Employees are an Extension of the Crisis Team
Many organisations have started to leverage e-learning tools to extend crisis training or risk assessment protocols to the whole of the organisation. Typically, HR or compliance departments will mandate that these trainings be taken during onboarding or at a yearly cadence. This aligns with best practice, which is to ensure that all employees at all levels are aware of how to identify risk, how to assess it, the potential ramifications of their actions as they relate to potential crises, common policies that govern behaviour at work and interaction on public channels, and how to escalate situations that may arise in their course of work.
Empowering Employees Through Policy
Codes of conduct and policies on press, social media, cultural sensitivity, cybersecurity and more are all directly tied to how well equipped employees are to prevent and prepare for crises. Like with other traditional training courses, these policies and procedures can be mandated at an organisational level to ensure all employees are acting in a way that is commensurate with the overall crisis preparedness plan.
Sample Legal Challenges or Crisis Situations to Watch
The definition of a crisis will change from one organisation to the next, as will the relevant legal challenges. Some common issues that could stem from or result in litigation could include:
There are a number of different enforcement authorities and regulatory bodies at the federal and state level that represent potential legal liability to companies and management.

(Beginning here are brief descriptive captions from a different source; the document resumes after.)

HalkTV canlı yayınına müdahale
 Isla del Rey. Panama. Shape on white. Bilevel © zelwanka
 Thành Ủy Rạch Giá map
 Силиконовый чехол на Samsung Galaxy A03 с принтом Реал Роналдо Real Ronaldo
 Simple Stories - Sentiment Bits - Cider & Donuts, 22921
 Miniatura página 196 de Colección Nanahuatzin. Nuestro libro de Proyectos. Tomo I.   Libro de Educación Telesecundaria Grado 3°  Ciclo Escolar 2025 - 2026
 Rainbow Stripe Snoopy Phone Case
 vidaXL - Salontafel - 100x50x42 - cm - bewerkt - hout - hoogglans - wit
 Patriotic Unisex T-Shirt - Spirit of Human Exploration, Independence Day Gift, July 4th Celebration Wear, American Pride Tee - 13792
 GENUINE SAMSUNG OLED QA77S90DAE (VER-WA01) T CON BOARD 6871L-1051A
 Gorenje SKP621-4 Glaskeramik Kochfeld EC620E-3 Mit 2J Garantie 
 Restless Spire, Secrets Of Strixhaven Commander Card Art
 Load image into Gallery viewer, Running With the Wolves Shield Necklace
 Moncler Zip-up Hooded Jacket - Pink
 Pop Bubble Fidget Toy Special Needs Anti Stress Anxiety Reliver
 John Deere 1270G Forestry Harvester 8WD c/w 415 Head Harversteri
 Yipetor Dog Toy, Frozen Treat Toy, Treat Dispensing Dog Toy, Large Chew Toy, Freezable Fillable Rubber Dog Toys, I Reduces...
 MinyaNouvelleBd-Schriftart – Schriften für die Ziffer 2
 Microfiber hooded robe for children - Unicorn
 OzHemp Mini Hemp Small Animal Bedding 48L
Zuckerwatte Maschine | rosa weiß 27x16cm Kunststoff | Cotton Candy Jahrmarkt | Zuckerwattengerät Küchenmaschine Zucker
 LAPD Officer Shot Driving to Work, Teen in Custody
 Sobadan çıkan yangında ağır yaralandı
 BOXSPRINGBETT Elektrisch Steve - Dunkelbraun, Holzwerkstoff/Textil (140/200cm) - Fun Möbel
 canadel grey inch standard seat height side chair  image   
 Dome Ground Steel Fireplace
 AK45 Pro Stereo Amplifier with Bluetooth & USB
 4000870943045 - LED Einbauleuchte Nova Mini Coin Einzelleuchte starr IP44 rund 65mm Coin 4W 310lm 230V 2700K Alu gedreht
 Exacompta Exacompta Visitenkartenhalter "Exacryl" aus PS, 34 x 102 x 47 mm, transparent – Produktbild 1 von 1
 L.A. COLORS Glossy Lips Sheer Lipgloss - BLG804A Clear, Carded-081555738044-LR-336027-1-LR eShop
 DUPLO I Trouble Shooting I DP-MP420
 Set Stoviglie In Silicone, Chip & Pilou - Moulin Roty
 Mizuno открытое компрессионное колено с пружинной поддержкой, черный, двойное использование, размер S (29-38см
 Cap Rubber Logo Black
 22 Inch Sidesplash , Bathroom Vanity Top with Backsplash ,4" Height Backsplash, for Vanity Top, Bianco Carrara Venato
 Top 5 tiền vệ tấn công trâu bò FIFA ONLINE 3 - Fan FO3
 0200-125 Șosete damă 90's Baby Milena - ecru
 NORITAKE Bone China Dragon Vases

Considering State-Level Enforcement
In a legal and mass claims context, one trend in this market is an increased use of delegated authority by state attorneys general to private plaintiffs’ attorneys. As a result, there are more opportunities for state-level enforcement actions against companies.
Companies co-operate with authorities frequently, and as needed based on jurisdictional and industry requirements. Heavily regulated industries, for example, frequently work in close consultation and co-operation with the appropriate regulatory bodies before, during and following a crisis.
Legal Counsel’s Role in Reputation and Crisis
Whether internal or external, an experienced attorney can help evaluate liability, limit exposure and mitigate damage by crafting a robust legal strategy from the outset. Sometimes, this action alone can be sufficient to prevent a situation from escalating. In other cases, a full-blown crisis may not be avoidable. In that event, the legal team and communications advisors must be aligned. A legal strategy that takes into account how its actions will be perceived by key stakeholders and the public will provide the company with the best opportunity to identify and navigate the legal and reputational challenges a crisis might present.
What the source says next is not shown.